In the AHP final rule, which President Donald Trump last fall ordered agencies to draft, the Labor Department said that state authority to regulate AHPs is not modified or limited by the rule. It takes effect this year for new fully insured AHPs and in 2019 for new self-insured association plans.
But given the looming sales of AHPs, state regulators want to know as soon as possible what restrictions they can place on the plans. They fear the Trump administration may argue that state regulation is pre-empted by the federal Employee Retirement Income Security Act, which governs self-insured employer health plans.
“I wrote the letter because the new rule has created more questions than answers and there’s not currently a venue for regulators to get answers from the Labor Department,” Pennsylvania’s Altman said in an interview. “I said this is what we’re going to do, tell me if we’re off-base. Depending on what they say, we’ll decide whether to go forward.”
Vermont’s Pieciak said he issued the emergency rule because he wants to protect the stability of his state’s individual and small-group markets. Blue Cross and Blue Shield of Vermont asked for an additional 2.9% premium increase due to the likelihood that association plans will siphon healthier individuals and groups out of the ACA-regulated market.
“We’re saying AHPs have to compete on the same level playing field as ACA plans,” Pieciak said. “There’s the possibility for AHPs to disrupt our ACA market, and we want to mitigate that.”
California will not allow any new association plans to form, though the five existing multiple-employer welfare arrangements can sell plans to new employers in the same line of business, according to Janice Rocco, deputy commissioner of the California Department of Insurance.
The Massachusetts Division of Insurance likely will require any association plans to offer all essential benefits required under state law, which are similar to ACA essential benefits. Consumers buying plans without essential benefits would be subject to a tax penalty under the state’s requirement that everyone have insurance.
A Labor Department spokeswoman said her agency “has an open line of communication with stakeholders, including state officials, regarding implementation of the rule next month.” She said that includes several conference calls with state officials and that those calls would resume with one this week.
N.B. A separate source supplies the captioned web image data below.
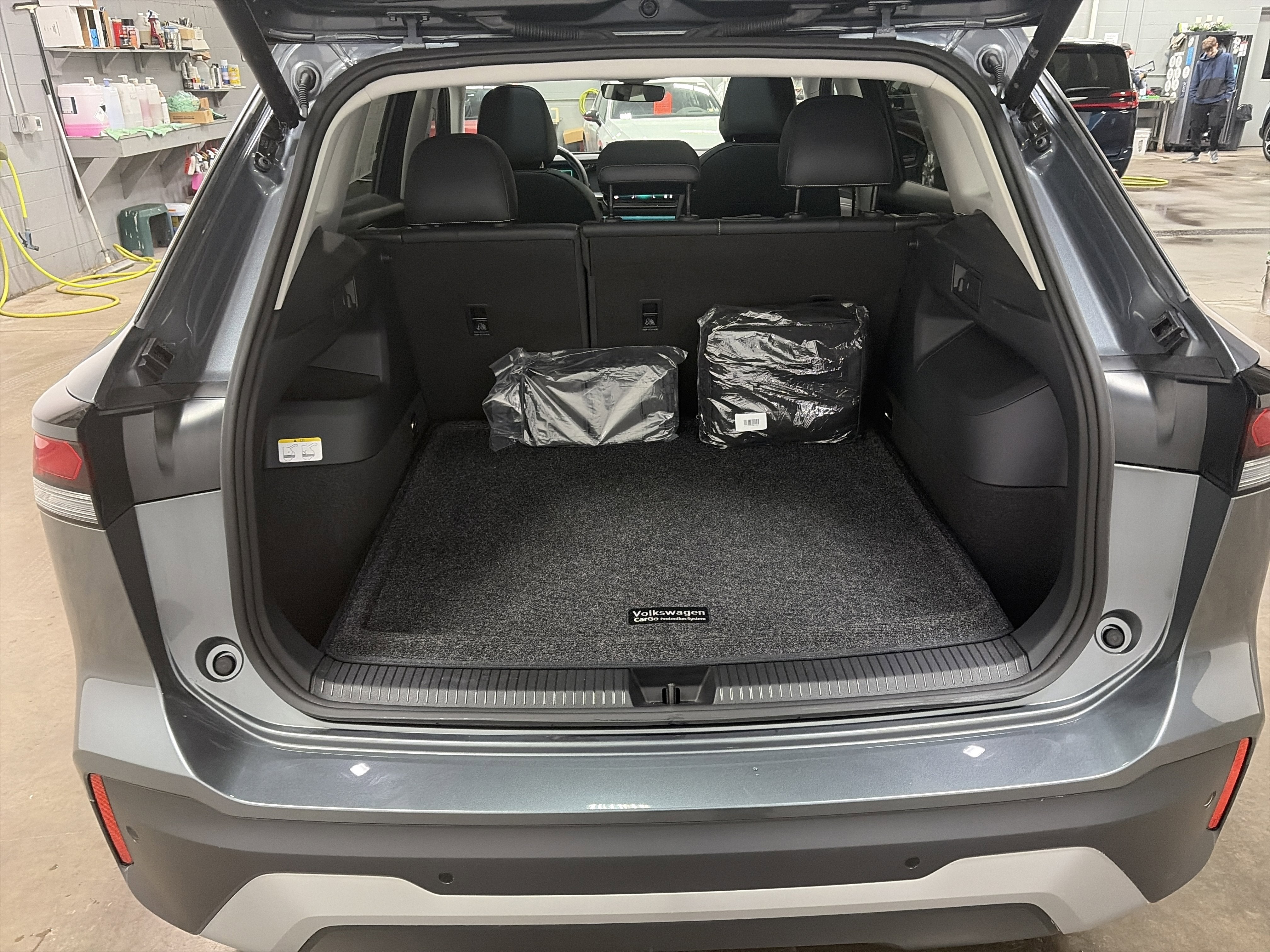 2025 Volkswagen Tiguan SE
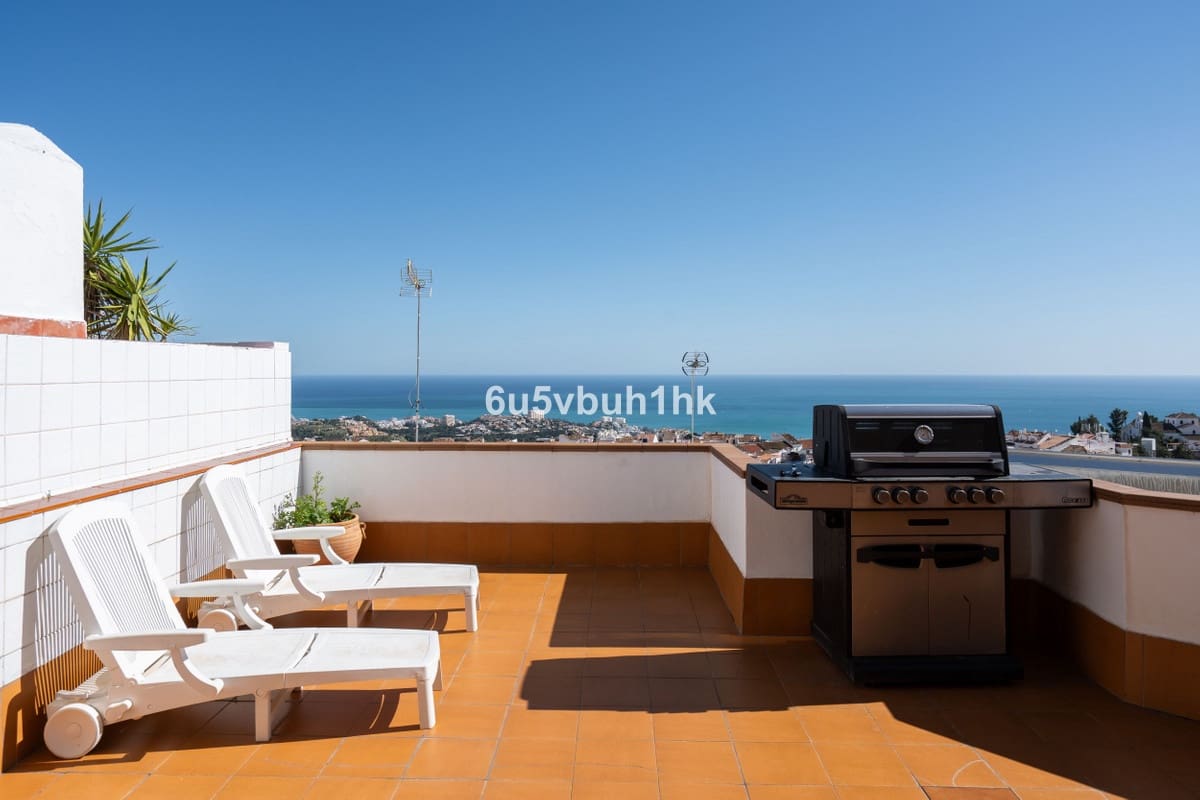 4 soveværelse Byhus til salg i Benalmadena med garage - € 680.000 (Ref: 9823332)
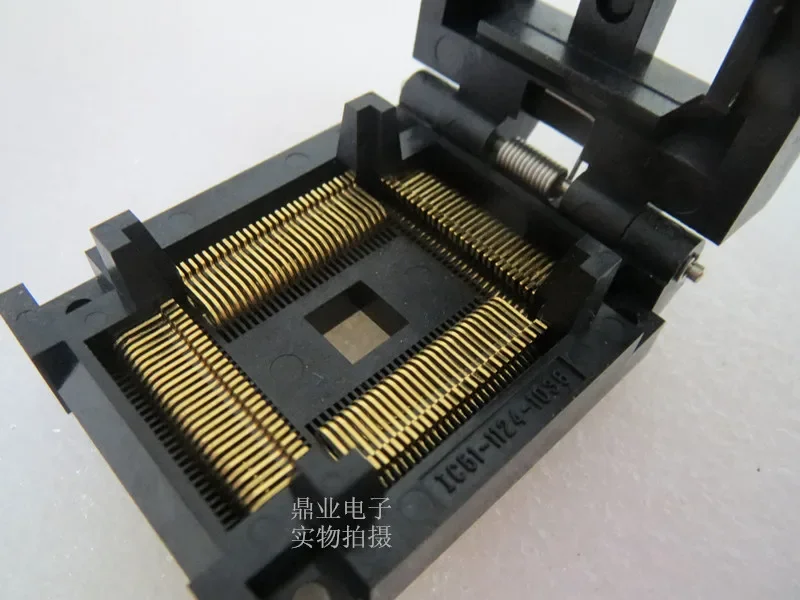 QFP112 TQFP112 IC51-1124-1038 0,65 мм горящая розетка позолота IC испытательное сиденье Испытательный стенд для гнезда
QFP112 TQFP112 IC51-1124-1038 0,65 мм горящая розетка позолота IC испытательное сиденье Испытательный стенд для гнезда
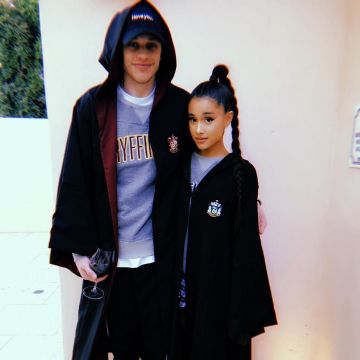 La capa de Gryffindor (Harry Potter) que lleva Pete Davidson en su cuenta de Instagram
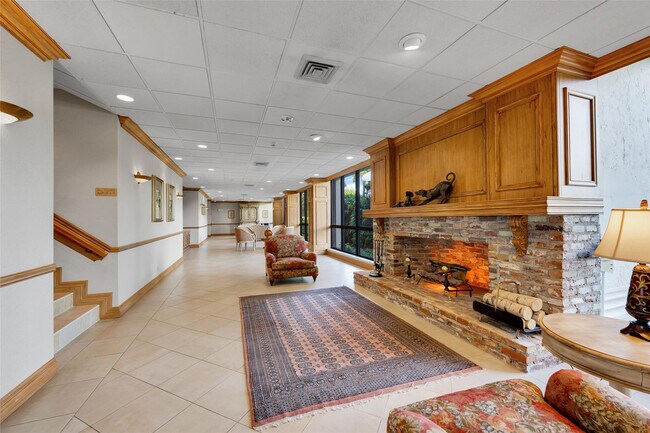 Building Photo - 5100 N Ocean Blvd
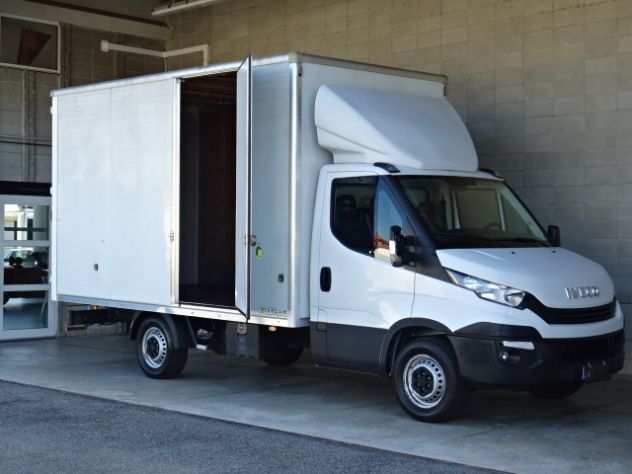 Iveco DAILY 35-140 FURGONATO PL E6B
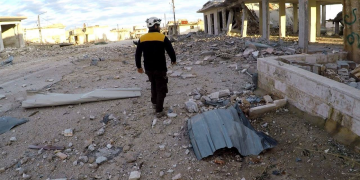 الاحتلال الروسي يرتكب مجزرة في ريف إدلب ويستهدف الطواقم الطبية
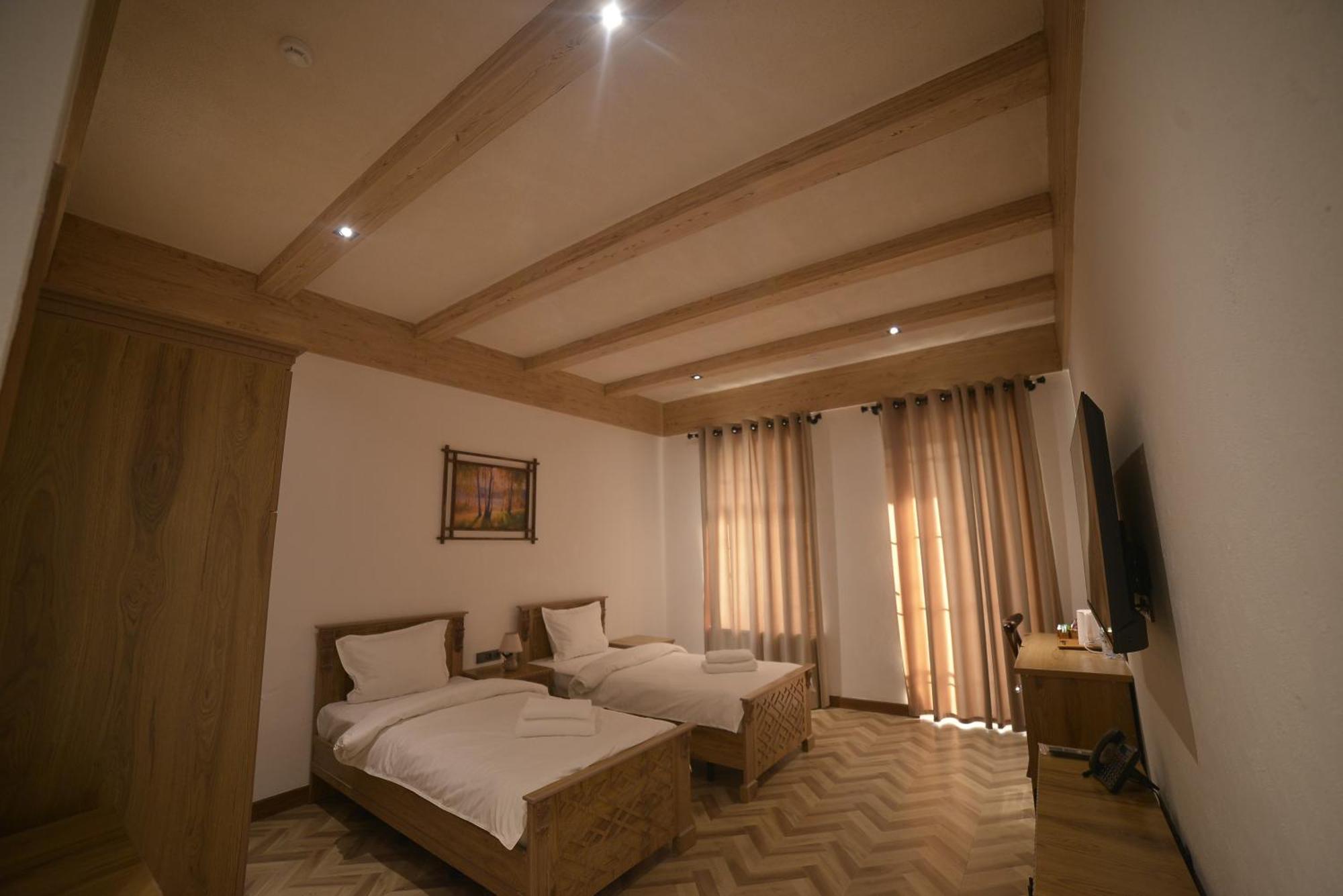 Pana Hotel Gazalkent エクステリア 写真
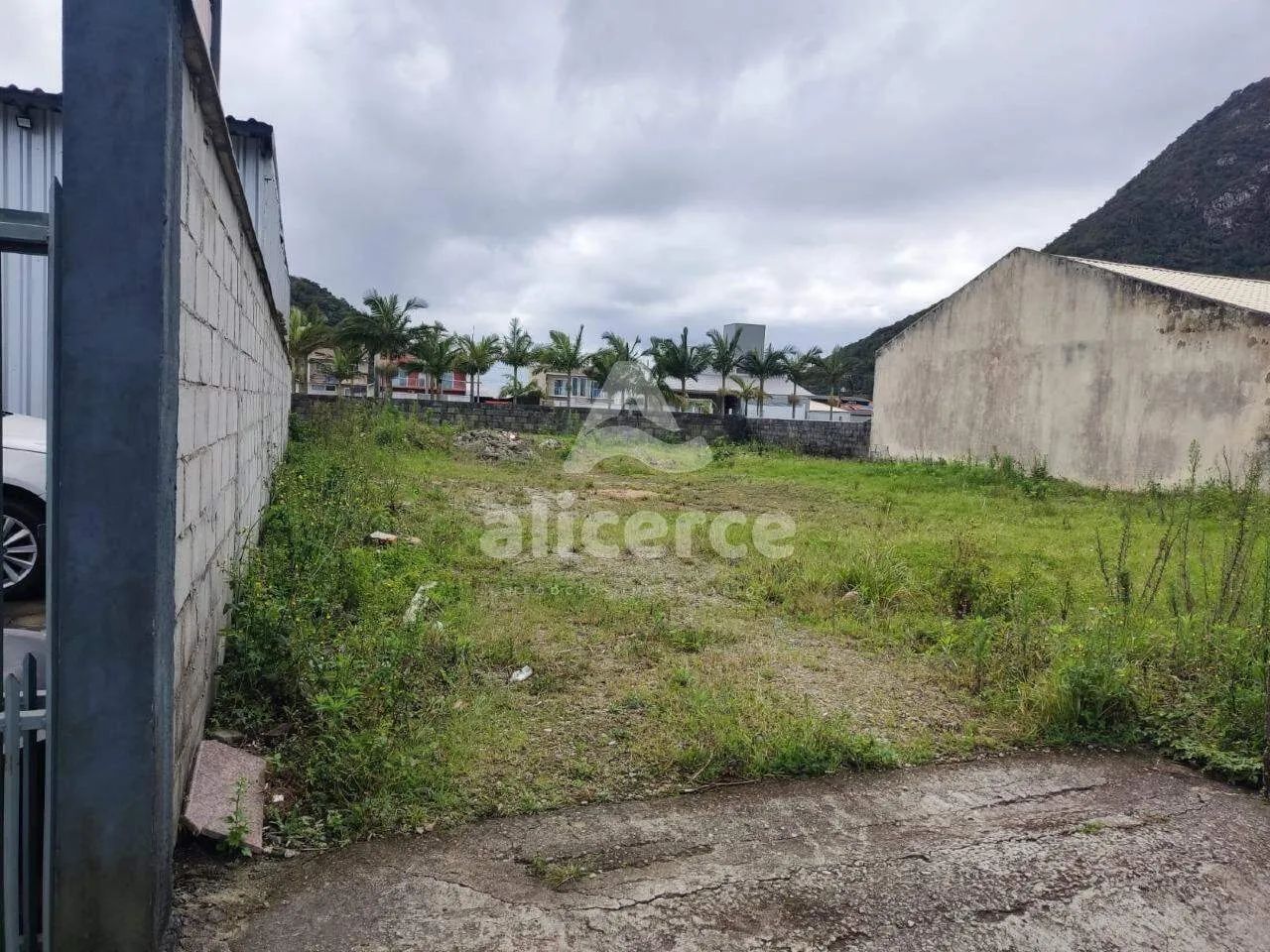 Terreno à venda com , 468m² em Pântano do Sul Florianópolis - Foto 3
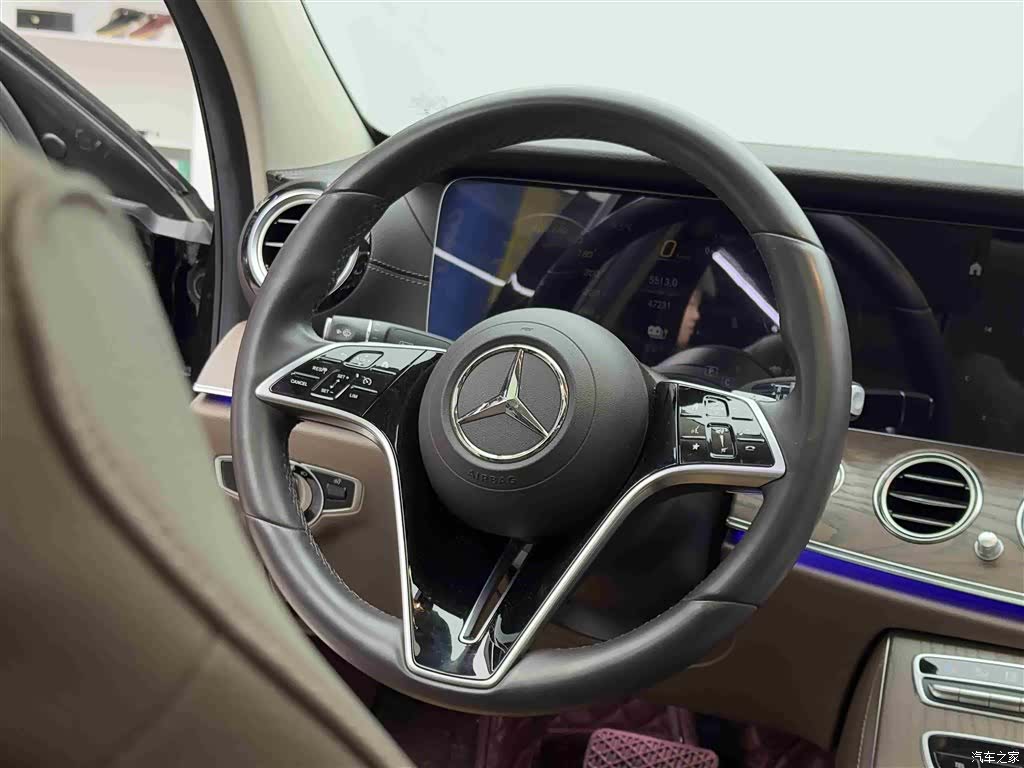 Mercedes-Benz E-Class, 2022 12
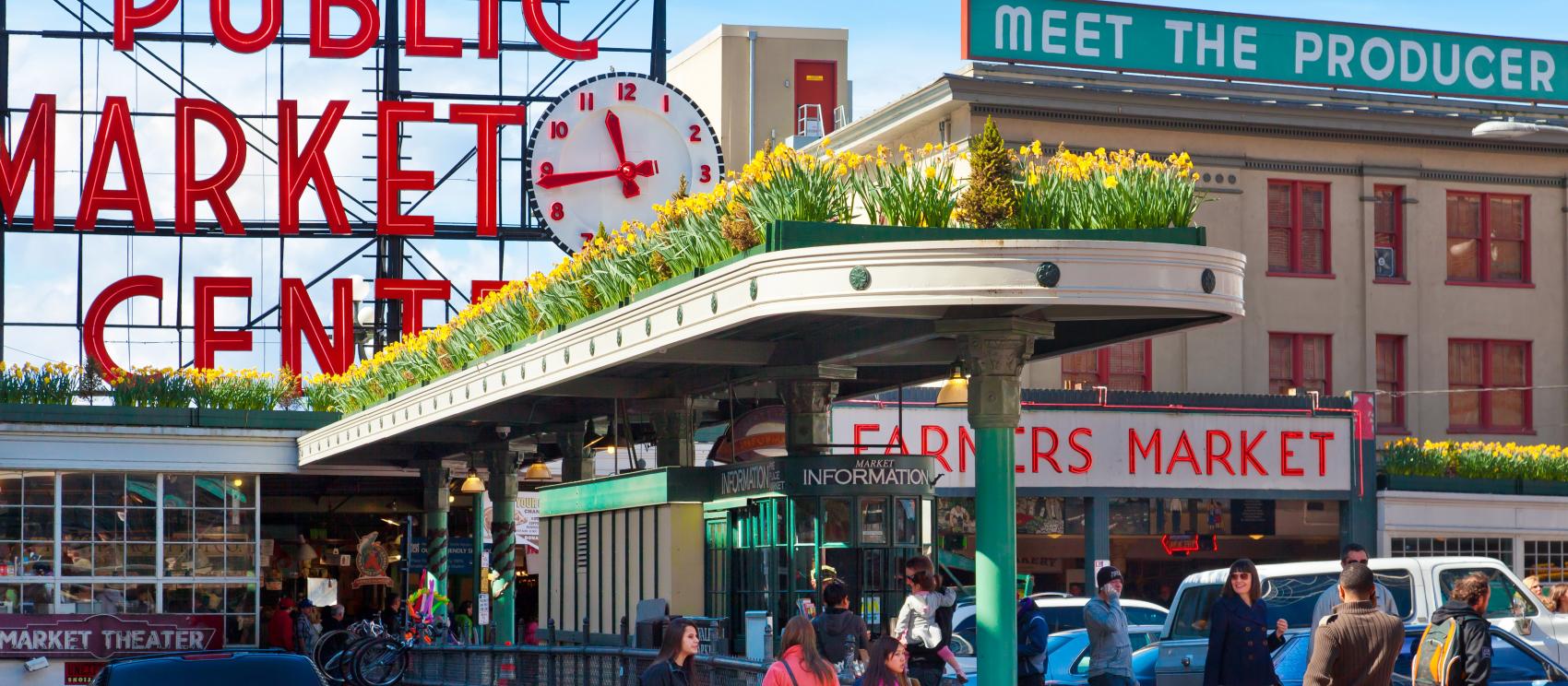 派克市场，建于 1907 年，位于西雅图艾略特湾岸边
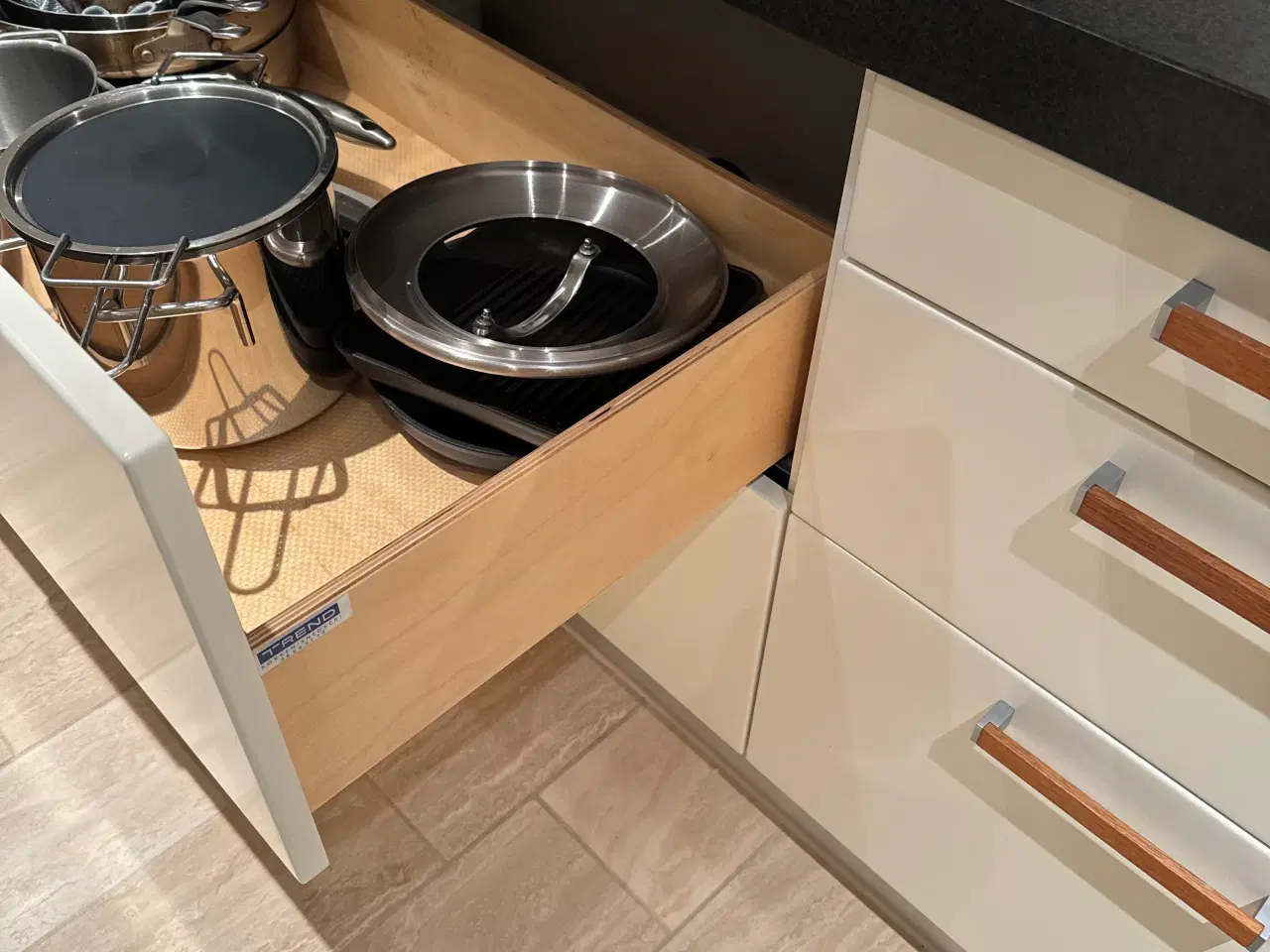 Billede 5 - Flot køkken med gode materialer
But Christopher Condeluci, a Republican healthcare lobbyist who is working with business groups to launch AHPs, said his clients will lobby state insurance departments and state lawmakers in Pennsylvania and elsewhere to allow association plans to move forward. Those business groups include the National Restaurant Association and the National Association of Realtors.
If state regulators stand by rules making it difficult or impossible for AHPs to operate, he warned that his clients will sue, alleging the such rules violate ERISA. Such lawsuits likely would come after resolution of the federal lawsuit filed in Washington by Democratic attorneys general.
“The position those states are taking is ripe for an ERISA pre-emption challenge by private parties,” Condeluci said.
The states that so far have issued new rules or policy statements limiting AHPs are Democratic-led states. But insurance regulators in both red and blue states are nervous about an expansion of AHPs given the long history of fraud and insolvencies involving these types of plans.
Mississippi Insurance Commissioner Mike Chaney, a Republican, said he’s seeking clarification from the Labor Department about the rules governing AHPs, and that he’ll require such plans to receive state licensing.
The Trump administration, however, wants associations to be able to readily sell health plans across state lines to small employers that are in the same general line of business. That prospect particularly alarms state regulators.
The U.S. Government Accountability Office identified 144 “unauthorized or bogus” plans from 2000 to 2002, covering at least 15,000 employers and more than 200,000 policyholders, leaving $252 million in unpaid medical claims. Some were run as pyramid schemes, while others charged too little for premiums and became insolvent.